> **Extracted records**:
######

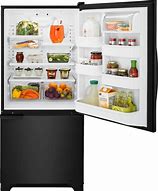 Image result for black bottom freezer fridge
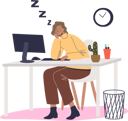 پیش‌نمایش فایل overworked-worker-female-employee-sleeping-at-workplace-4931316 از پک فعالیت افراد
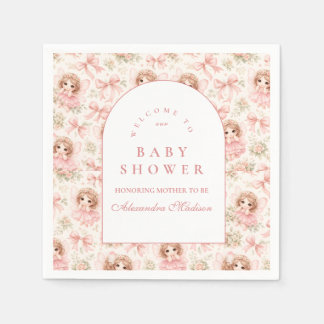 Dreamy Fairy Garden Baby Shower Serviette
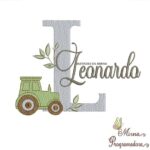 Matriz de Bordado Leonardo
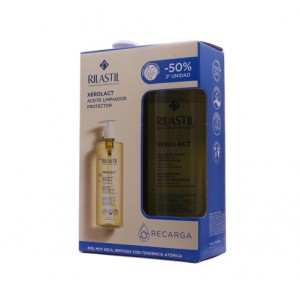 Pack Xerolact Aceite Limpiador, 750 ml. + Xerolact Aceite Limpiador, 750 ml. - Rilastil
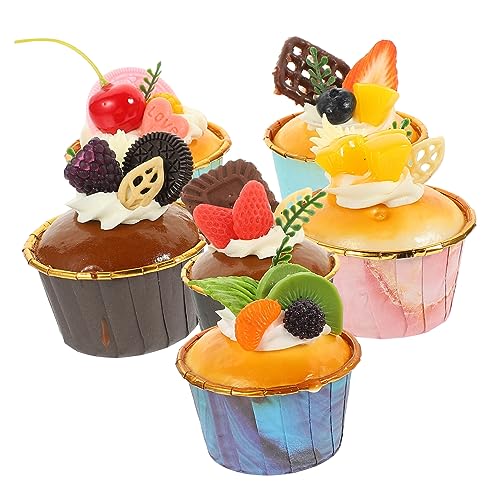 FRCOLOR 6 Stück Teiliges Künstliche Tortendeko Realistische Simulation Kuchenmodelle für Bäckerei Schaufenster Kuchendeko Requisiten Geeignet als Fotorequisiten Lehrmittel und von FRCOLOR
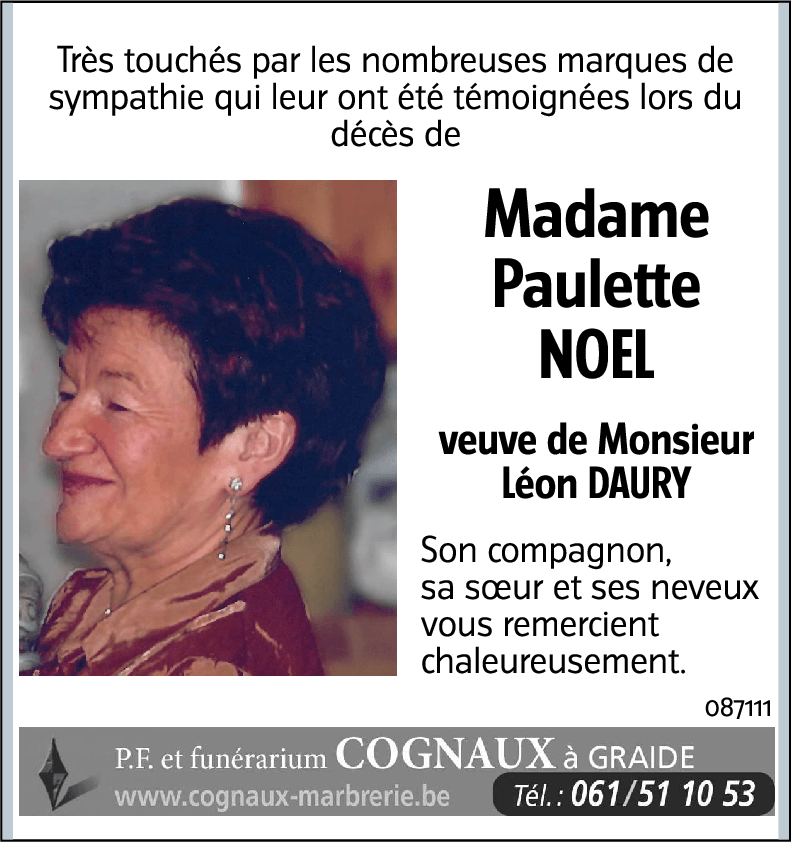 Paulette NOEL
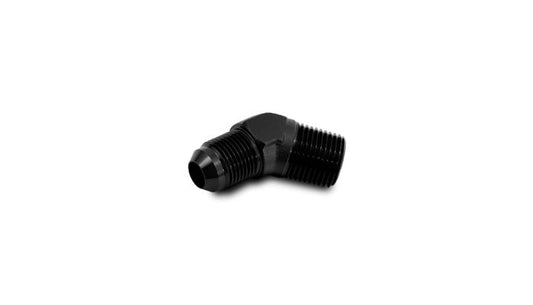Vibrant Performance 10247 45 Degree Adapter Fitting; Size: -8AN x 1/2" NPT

######

> **INSTRUCTIONS FOR THE TASK**: Beginning with the line above that has "پک فعالیت افراد" and going on through the line that has "Pack Xerolact Aceite", retype every line exactly and add nothing else; drop the pictures.

> **ANSWER TO THIS EXERCISE**:
 پیش‌نمایش فایل overworked-worker-female-employee-sleeping-at-workplace-4931316 از پک فعالیت افراد
 Dreamy Fairy Garden Baby Shower Serviette
 Matriz de Bordado Leonardo
 Pack Xerolact Aceite Limpiador, 750 ml. + Xerolact Aceite Limpiador, 750 ml. - Rilastil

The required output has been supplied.